◆ **Work required**
Leave the pictures aside and copy all the data exactly.

◆ **Entries shown**
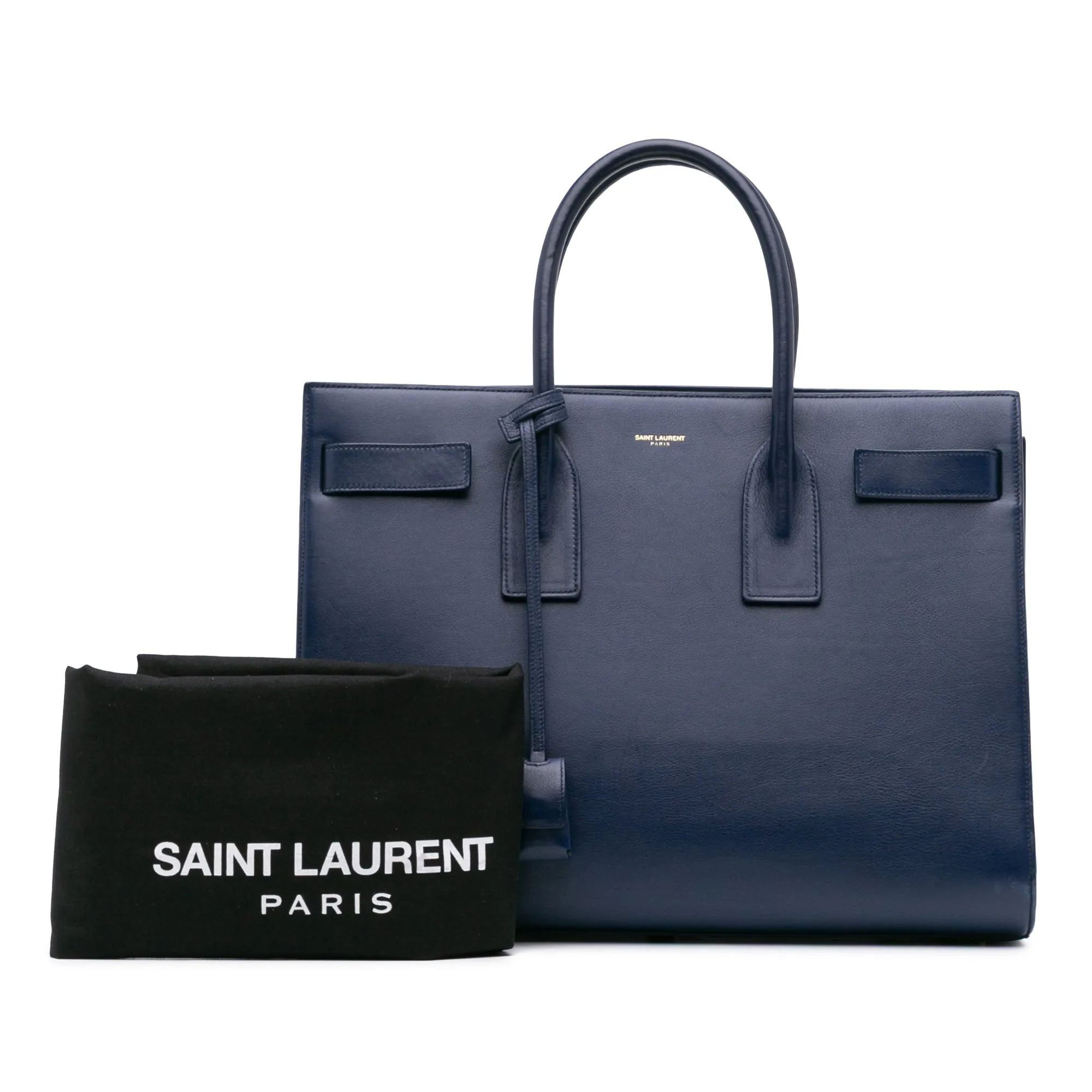 Blue Saint Laurent Small Leather Sac De Jour Satchel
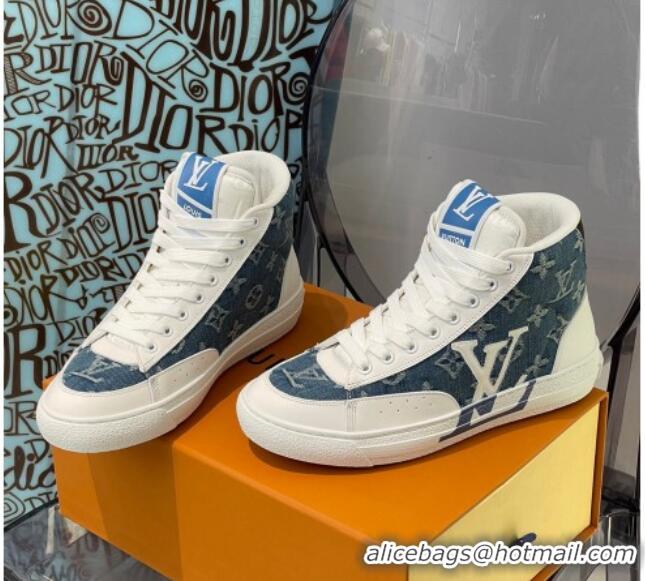 Pretty Style Louis Vuitton Charlie High-top Sneakers Blue Denim 0719113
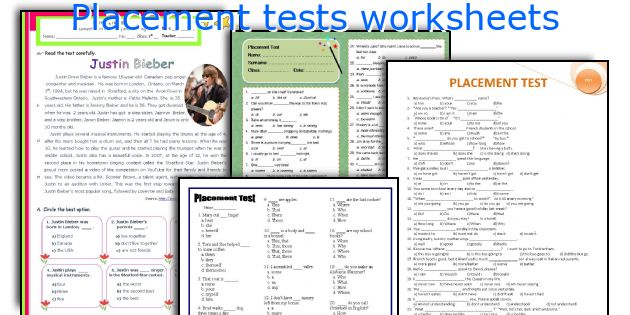 Placement tests worksheets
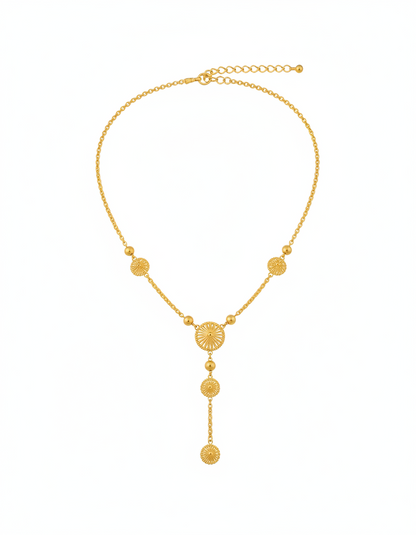 قلادة شرابة دائرية ذهبية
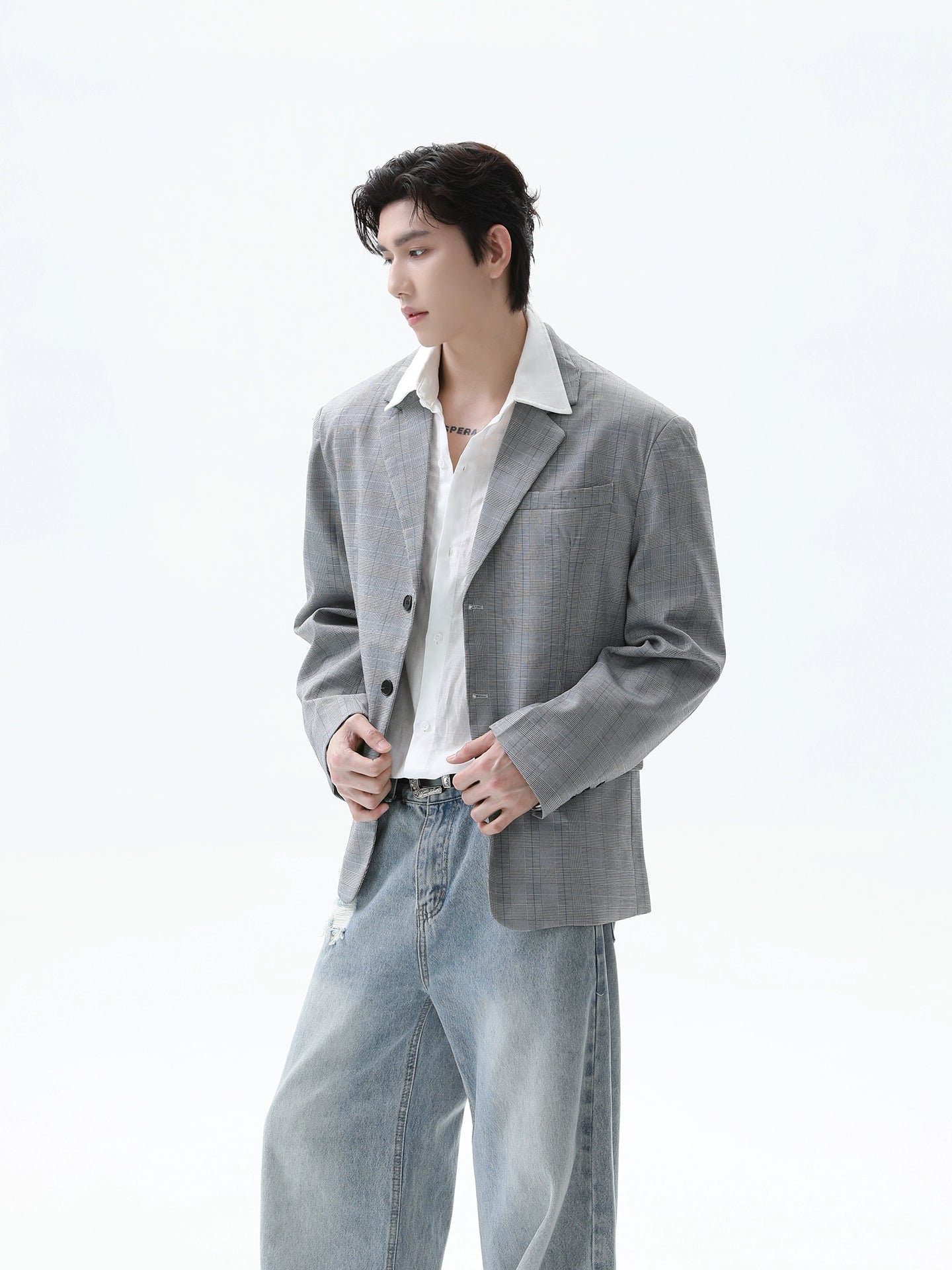 Ekose Takım Elbise Ceket Rahat İş Blazeri 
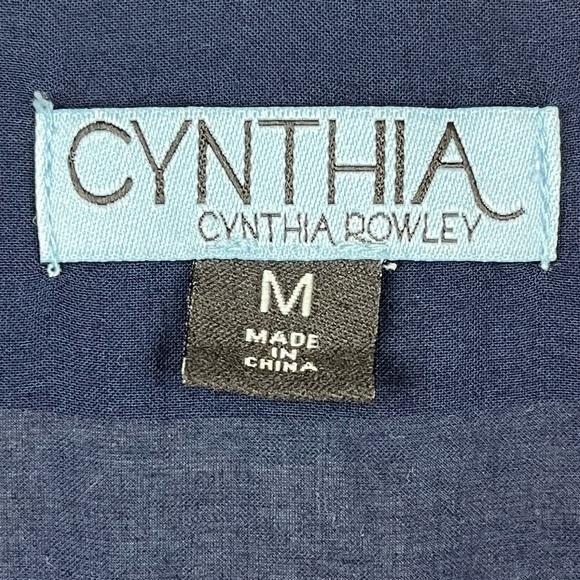 CYNTHIA ROWLEY Nautical Sheer Blouse Popover Navy Blue Window Pane Print Medium - Picture 5 of 16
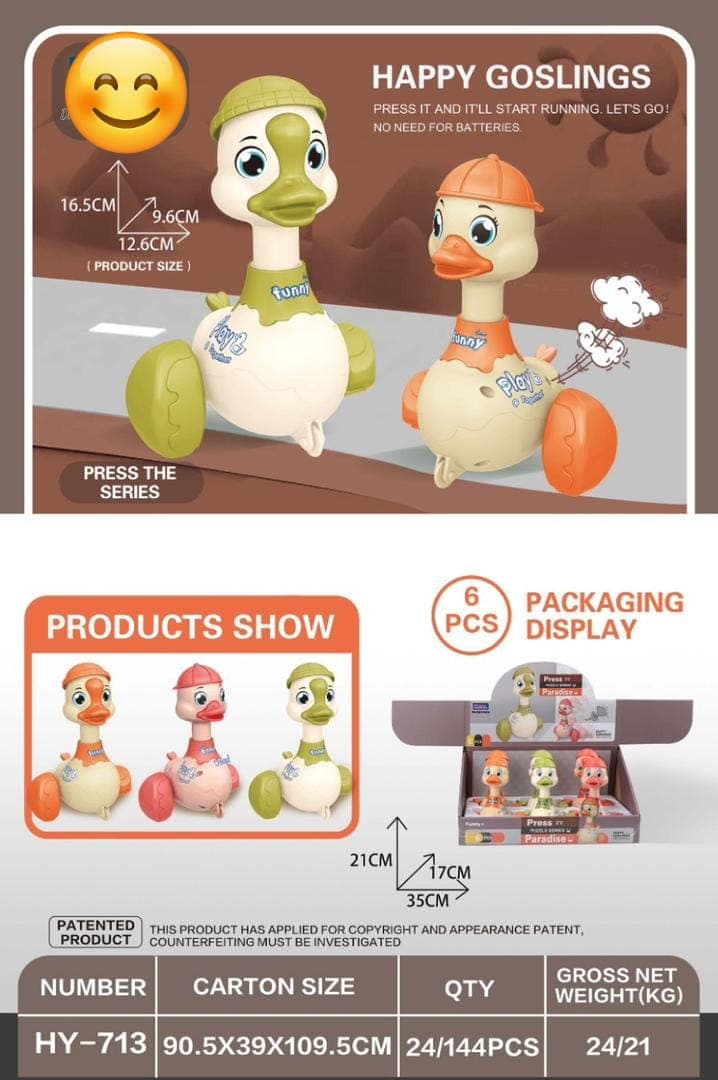 Kidoyz Happy Goslings Press Toy | Press-and-go gosling toy | Pack of 1 — view 3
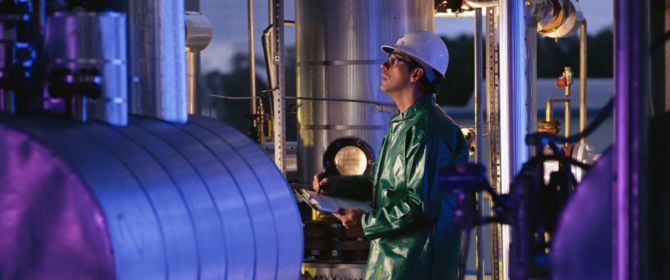 engineer inspecting chemical plant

◆ **Solved exercise**
 Blue Saint Laurent Small Leather Sac De Jour Satchel
 Pretty Style Louis Vuitton Charlie High-top Sneakers Blue Denim 0719113
 Placement tests worksheets
 قلادة شرابة دائرية ذهبية
 Ekose Takım Elbise Ceket Rahat İş Blazeri 
 CYNTHIA ROWLEY Nautical Sheer Blouse Popover Navy Blue Window Pane Print Medium - Picture 5 of 16
 Kidoyz Happy Goslings Press Toy | Press-and-go gosling toy | Pack of 1 — view 3
 engineer inspecting chemical plant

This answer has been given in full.